Adding machine learning, predictive and prescriptive analytics capabilities to equipment monitoring can enable organisations to transition from post hoc to pre-emptive maintenance, proactively address potential issues before they occur and ensure that the optimal corrective actions are implemented in-store.

 

Equipment on the shop floor provides millions of data points. The data captured by IoT connected sensors, deployed on the machines can be analysed with the help of machine learning and predictive analytics algorithms. Predictive and prescriptive analytics can help to predict flawed patterns, machinery defects, and risks of failure and prescribe the best corrective action. This allows for issues to be identified and pre-empted before they cause equipment failure, defective produce or reduced production speed.

 

Continuously raise operational standards

Similarly to identifying equipment issues, data from the shop floor can help to identify and alter process inefficiencies. For example, insight into the stages of production of a soft drink can show that that step 5 of a 15-step manufacturing process requires significant adjustment time and results in losses.
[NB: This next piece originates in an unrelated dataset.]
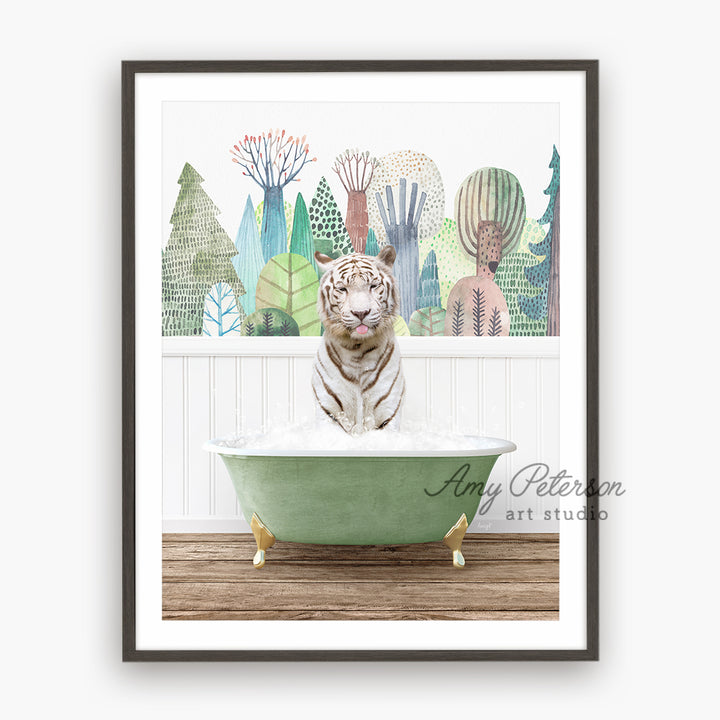 a white tiger sitting in a green bath tub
Manufacturers can then re-design the process in a way that ensures optimal run conditions throughout.

 

Through the improved visibility that it provides, remote equipment monitoring can support the implementation of Kaizen, Six Sigma and Lean methodologies. Having access to plant-specific data can also help to configure processes locally to the size of the plant and the workers and machinery on the shop floor, ensuring that every factory is following the optimal processes.

 

These are some of the ways in which remote equipment monitoring enables manufacturers to eliminate manufacturing losses and drive greater effectiveness and efficiency on the shop floor.